Short descriptive text snippets:
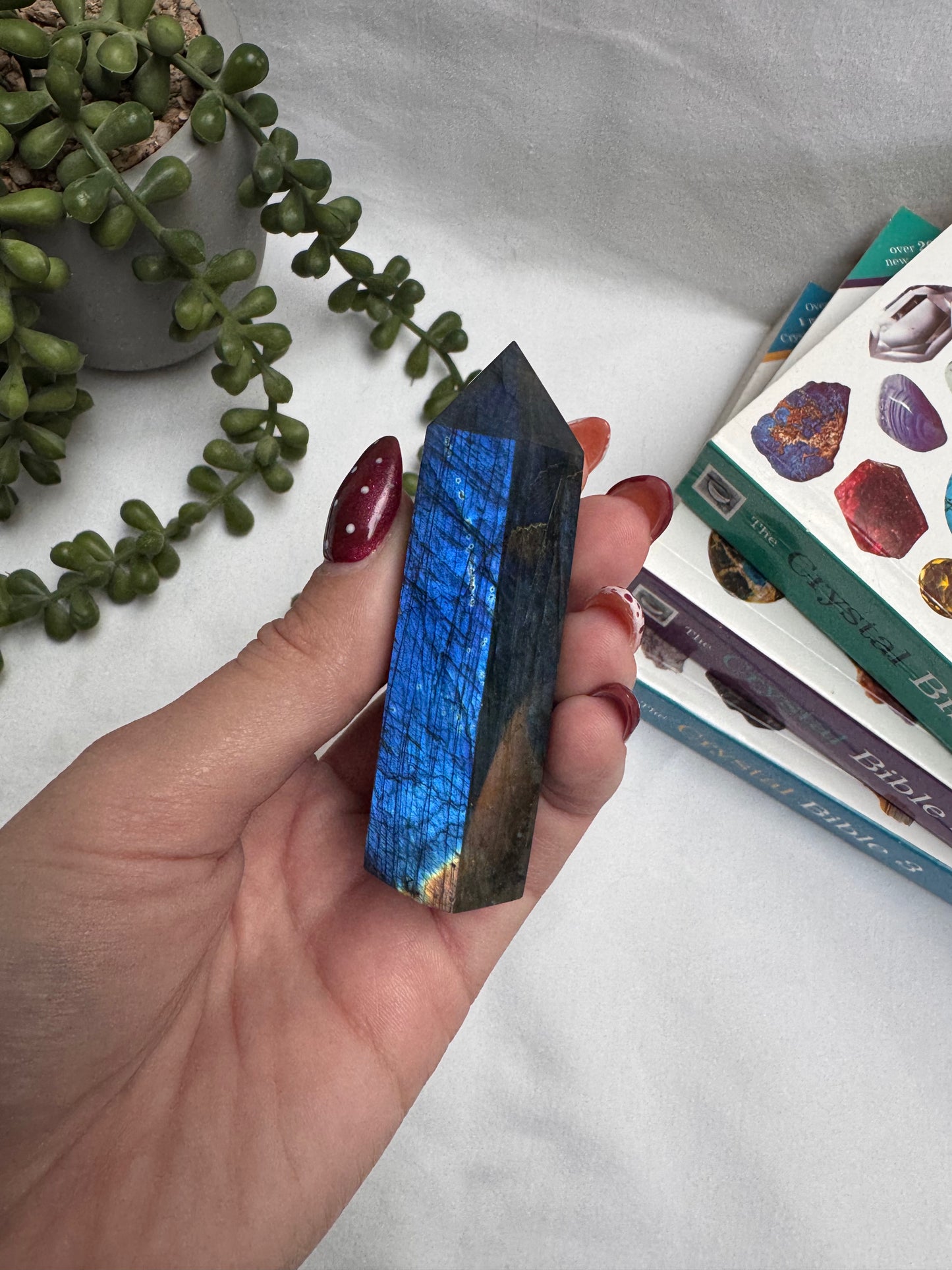 Labradorite Towers | Rehomed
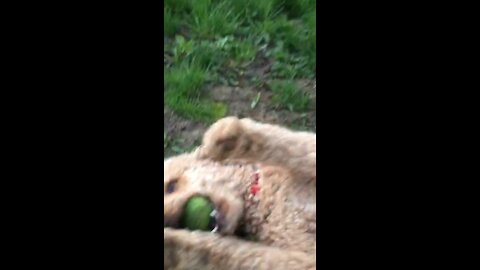 Standard Poodle Tennis Ball Trick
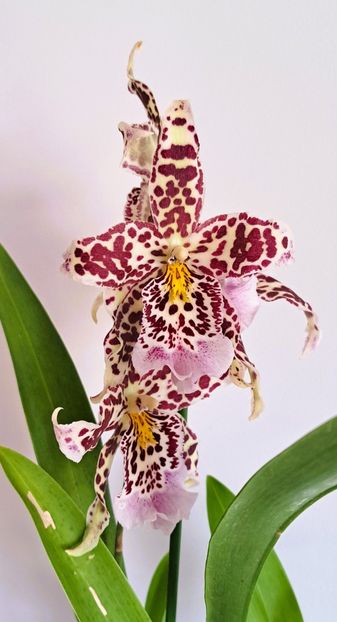 Degamoara Purple Princess - ORHIDEE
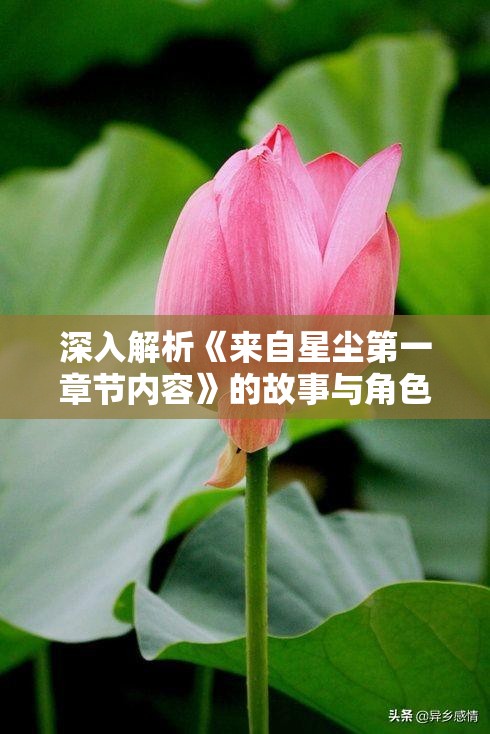 深入解析《来自星尘第一章节内容》的故事与角色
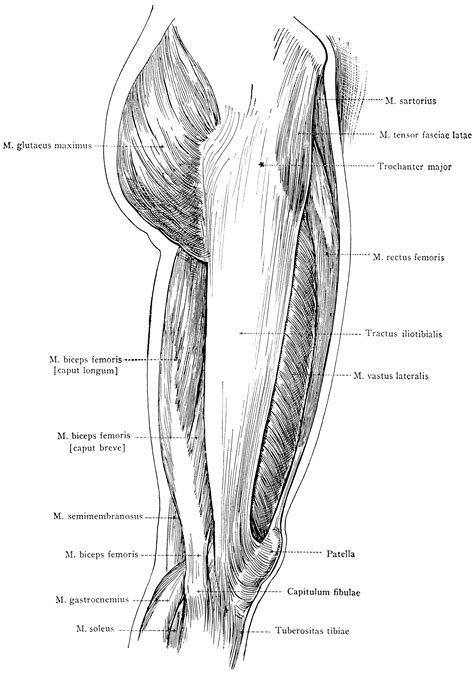 anterior muscular system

▶ **Problem details**
If a line falls between the one containing "Standard Poodle Tennis Ball Trick" and the last line of the entries above, both included, reproduce it exactly; leave the pictures out.

▶ **Task output**
 Standard Poodle Tennis Ball Trick
 Degamoara Purple Princess - ORHIDEE
 深入解析《来自星尘第一章节内容》的故事与角色
 anterior muscular system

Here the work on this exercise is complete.